Start of Block
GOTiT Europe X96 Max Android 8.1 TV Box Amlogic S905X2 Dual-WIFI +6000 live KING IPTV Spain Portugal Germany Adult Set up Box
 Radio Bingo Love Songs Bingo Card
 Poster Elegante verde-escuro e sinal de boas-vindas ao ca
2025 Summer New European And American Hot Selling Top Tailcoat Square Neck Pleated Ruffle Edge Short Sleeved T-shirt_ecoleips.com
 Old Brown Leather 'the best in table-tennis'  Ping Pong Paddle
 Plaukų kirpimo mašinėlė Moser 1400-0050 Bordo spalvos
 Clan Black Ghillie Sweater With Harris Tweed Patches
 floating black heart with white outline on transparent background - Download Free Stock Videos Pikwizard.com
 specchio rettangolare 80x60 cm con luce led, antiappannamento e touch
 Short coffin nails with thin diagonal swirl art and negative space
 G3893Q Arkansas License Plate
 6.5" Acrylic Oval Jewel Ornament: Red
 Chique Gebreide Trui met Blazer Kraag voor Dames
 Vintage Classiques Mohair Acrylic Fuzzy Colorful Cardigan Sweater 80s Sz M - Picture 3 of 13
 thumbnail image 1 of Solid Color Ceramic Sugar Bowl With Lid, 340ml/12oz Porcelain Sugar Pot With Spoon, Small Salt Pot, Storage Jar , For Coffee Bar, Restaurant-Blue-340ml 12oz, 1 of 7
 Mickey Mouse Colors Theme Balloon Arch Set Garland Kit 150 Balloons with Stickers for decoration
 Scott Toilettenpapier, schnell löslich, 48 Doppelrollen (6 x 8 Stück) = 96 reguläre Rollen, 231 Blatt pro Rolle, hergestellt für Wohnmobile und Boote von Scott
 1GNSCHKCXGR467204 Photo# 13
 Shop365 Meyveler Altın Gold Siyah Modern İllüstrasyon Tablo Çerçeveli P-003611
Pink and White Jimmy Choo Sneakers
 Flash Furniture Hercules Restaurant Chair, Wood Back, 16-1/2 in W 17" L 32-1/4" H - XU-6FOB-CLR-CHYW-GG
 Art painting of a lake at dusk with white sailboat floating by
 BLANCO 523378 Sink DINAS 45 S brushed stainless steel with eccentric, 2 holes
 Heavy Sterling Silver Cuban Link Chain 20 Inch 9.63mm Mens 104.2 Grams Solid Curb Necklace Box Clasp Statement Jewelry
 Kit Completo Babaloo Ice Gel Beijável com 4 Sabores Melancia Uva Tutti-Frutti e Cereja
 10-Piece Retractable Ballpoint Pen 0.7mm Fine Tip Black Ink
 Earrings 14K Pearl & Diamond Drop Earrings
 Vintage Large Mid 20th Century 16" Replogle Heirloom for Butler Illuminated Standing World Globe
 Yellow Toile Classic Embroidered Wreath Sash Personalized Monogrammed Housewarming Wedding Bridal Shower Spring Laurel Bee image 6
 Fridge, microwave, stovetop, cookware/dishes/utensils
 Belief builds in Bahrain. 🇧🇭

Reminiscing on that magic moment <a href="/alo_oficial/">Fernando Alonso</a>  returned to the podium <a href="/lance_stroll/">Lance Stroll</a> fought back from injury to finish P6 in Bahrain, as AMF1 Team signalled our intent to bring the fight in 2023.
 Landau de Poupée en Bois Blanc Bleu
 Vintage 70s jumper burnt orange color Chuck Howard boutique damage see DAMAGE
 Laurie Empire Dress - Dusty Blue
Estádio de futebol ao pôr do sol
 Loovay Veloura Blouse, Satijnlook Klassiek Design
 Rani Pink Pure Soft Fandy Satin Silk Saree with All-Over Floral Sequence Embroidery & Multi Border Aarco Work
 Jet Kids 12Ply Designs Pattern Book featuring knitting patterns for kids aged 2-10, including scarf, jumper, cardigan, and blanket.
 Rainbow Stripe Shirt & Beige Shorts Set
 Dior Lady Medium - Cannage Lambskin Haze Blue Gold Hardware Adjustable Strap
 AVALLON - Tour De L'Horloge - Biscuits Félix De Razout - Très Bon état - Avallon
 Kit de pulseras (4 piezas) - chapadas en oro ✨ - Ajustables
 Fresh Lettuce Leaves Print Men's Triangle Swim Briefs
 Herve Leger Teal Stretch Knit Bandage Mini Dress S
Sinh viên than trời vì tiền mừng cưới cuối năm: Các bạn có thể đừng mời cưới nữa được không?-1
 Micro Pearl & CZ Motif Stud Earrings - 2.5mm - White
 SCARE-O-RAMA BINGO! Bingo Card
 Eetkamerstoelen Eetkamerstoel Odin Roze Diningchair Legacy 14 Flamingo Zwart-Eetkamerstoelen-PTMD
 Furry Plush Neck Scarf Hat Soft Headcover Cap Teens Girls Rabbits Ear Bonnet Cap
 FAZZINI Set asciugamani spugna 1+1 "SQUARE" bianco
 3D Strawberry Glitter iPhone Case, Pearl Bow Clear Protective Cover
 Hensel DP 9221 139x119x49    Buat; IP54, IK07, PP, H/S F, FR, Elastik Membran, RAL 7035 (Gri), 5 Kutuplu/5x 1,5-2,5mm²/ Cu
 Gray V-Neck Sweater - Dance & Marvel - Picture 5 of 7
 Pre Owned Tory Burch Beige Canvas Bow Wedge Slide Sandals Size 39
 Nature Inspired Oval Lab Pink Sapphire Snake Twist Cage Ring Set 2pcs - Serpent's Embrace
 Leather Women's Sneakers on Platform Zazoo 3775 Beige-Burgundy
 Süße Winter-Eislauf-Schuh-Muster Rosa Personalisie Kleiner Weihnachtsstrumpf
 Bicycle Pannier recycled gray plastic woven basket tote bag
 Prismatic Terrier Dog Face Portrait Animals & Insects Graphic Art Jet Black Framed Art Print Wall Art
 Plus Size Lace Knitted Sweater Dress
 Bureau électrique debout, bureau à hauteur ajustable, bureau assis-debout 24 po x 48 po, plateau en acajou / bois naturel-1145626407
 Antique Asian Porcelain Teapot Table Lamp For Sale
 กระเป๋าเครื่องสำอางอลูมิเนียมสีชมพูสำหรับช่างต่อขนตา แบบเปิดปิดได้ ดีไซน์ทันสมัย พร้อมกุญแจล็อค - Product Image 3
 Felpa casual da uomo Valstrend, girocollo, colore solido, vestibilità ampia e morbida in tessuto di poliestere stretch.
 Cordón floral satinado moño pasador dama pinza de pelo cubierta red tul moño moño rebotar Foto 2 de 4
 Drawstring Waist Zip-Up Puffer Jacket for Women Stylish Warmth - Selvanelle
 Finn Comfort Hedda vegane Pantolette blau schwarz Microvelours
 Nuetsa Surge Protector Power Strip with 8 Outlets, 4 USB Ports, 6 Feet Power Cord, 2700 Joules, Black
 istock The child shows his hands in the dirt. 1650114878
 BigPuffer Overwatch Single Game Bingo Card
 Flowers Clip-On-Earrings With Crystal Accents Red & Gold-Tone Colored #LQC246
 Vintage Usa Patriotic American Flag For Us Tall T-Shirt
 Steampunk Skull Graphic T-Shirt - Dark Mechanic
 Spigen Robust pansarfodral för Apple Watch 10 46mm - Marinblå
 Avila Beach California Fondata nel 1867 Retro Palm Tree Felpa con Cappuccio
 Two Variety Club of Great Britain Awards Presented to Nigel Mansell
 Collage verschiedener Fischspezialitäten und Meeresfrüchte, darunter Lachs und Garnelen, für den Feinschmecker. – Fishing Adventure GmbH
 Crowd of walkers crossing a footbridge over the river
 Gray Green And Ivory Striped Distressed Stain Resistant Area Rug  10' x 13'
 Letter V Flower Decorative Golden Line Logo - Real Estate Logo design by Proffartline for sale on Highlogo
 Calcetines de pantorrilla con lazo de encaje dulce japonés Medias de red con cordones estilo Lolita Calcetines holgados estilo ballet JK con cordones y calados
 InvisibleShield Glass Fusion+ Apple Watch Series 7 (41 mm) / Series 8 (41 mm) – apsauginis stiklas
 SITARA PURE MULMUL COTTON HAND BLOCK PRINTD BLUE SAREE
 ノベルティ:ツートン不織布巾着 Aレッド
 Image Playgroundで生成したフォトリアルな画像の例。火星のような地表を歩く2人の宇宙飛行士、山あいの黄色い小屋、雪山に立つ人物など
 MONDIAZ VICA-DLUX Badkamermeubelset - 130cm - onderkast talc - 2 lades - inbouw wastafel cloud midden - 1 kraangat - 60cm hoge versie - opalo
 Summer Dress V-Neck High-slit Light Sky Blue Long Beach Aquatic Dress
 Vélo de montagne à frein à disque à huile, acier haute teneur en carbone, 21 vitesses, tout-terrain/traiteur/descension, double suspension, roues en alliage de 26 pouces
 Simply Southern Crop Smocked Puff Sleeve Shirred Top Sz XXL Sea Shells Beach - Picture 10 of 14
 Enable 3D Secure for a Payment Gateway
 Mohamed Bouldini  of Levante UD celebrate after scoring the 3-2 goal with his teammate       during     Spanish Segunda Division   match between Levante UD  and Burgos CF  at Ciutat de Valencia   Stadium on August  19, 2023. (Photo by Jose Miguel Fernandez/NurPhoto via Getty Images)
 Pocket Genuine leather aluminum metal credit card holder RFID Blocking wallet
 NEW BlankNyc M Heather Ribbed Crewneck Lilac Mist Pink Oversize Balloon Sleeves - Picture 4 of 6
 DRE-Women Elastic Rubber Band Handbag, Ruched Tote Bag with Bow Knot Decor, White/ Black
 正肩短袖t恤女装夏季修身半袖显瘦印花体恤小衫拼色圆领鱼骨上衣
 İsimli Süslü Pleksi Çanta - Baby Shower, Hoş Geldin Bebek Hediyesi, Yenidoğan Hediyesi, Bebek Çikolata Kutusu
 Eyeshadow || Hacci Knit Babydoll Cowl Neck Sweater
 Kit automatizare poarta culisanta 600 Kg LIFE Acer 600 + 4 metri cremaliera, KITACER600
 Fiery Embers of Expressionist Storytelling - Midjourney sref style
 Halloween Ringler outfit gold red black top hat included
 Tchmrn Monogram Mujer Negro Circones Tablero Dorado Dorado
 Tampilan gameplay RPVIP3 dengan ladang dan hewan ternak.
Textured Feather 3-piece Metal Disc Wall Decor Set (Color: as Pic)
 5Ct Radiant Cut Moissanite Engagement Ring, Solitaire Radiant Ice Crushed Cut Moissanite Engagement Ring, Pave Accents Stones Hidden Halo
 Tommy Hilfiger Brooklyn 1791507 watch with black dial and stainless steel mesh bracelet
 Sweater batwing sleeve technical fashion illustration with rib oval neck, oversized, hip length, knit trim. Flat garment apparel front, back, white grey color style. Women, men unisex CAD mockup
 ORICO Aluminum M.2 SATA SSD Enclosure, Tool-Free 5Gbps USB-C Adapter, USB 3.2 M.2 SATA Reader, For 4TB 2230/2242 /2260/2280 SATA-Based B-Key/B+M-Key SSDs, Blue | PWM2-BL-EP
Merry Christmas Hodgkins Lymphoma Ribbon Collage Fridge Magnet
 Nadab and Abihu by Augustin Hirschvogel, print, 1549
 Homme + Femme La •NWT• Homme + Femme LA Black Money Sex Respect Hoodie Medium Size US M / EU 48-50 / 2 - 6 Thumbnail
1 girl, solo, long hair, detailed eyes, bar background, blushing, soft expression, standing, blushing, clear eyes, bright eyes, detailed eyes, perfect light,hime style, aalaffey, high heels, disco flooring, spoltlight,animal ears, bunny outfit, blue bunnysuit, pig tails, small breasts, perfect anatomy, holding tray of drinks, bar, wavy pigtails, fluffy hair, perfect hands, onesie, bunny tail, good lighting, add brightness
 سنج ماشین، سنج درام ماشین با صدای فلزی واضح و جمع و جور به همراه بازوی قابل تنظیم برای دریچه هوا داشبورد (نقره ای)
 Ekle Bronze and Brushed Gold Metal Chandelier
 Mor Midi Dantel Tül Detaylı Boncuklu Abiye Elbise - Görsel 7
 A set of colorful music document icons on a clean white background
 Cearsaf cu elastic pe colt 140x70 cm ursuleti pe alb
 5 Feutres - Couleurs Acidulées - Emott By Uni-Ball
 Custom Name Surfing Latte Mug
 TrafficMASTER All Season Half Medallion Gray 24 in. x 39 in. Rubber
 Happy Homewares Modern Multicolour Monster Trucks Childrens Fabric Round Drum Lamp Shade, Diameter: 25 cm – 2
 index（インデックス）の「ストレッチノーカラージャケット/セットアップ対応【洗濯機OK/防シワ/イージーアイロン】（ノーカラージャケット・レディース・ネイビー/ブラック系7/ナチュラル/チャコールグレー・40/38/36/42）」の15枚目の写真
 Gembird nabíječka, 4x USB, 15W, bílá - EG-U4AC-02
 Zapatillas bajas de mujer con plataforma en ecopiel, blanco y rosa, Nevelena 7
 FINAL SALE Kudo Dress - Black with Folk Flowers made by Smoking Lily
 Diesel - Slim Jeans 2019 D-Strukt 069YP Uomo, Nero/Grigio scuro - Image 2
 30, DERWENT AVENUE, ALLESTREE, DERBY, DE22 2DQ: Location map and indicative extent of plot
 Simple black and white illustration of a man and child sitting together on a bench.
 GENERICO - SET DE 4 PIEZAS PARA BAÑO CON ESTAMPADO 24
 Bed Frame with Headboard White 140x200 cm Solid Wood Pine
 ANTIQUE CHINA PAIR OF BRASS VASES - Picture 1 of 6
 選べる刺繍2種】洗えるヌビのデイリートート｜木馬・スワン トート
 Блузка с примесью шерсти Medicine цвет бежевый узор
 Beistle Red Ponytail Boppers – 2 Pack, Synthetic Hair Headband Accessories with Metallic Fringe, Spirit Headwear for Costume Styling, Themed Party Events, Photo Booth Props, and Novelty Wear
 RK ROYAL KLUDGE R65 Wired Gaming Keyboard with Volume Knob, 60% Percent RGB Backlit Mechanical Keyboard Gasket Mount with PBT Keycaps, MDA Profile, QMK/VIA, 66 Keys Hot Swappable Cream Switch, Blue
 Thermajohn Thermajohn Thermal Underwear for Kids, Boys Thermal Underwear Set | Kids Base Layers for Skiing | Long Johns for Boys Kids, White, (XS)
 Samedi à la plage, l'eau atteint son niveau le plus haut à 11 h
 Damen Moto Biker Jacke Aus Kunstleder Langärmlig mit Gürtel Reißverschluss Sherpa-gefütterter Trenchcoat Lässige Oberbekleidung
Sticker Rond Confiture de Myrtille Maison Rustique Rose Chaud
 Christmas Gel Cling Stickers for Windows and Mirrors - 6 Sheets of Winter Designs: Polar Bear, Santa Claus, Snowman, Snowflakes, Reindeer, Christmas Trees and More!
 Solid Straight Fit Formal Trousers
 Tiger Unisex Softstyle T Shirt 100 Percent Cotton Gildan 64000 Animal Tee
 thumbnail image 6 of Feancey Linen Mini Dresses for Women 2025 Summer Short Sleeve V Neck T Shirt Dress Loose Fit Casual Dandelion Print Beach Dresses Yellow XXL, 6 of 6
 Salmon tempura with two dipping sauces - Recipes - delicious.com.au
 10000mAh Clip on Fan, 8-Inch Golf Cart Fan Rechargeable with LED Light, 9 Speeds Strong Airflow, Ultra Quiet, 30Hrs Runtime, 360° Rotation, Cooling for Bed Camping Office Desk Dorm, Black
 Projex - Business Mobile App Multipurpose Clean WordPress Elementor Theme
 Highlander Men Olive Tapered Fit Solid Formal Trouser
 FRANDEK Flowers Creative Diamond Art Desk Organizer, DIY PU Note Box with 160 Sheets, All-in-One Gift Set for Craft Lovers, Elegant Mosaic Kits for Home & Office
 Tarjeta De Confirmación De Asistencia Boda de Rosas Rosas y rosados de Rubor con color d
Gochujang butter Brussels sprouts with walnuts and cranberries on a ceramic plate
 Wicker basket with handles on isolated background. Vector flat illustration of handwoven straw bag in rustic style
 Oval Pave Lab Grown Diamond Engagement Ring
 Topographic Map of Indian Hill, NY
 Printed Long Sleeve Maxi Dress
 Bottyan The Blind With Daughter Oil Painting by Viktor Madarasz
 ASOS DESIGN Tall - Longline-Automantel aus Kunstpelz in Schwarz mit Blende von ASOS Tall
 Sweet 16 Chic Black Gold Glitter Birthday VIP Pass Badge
End of Block
§ TASK GOAL
Only the lines from the first line of the records through the line containing "Short coffin nails" should be repeated, exactly as they appear.

§ YOUR SOLUTION
GOTiT Europe X96 Max Android 8.1 TV Box Amlogic S905X2 Dual-WIFI +6000 live KING IPTV Spain Portugal Germany Adult Set up Box
 Radio Bingo Love Songs Bingo Card
 Poster Elegante verde-escuro e sinal de boas-vindas ao ca
2025 Summer New European And American Hot Selling Top Tailcoat Square Neck Pleated Ruffle Edge Short Sleeved T-shirt_ecoleips.com
 Old Brown Leather 'the best in table-tennis'  Ping Pong Paddle
 Plaukų kirpimo mašinėlė Moser 1400-0050 Bordo spalvos
 Clan Black Ghillie Sweater With Harris Tweed Patches
 floating black heart with white outline on transparent background - Download Free Stock Videos Pikwizard.com
 specchio rettangolare 80x60 cm con luce led, antiappannamento e touch
 Short coffin nails with thin diagonal swirl art and negative space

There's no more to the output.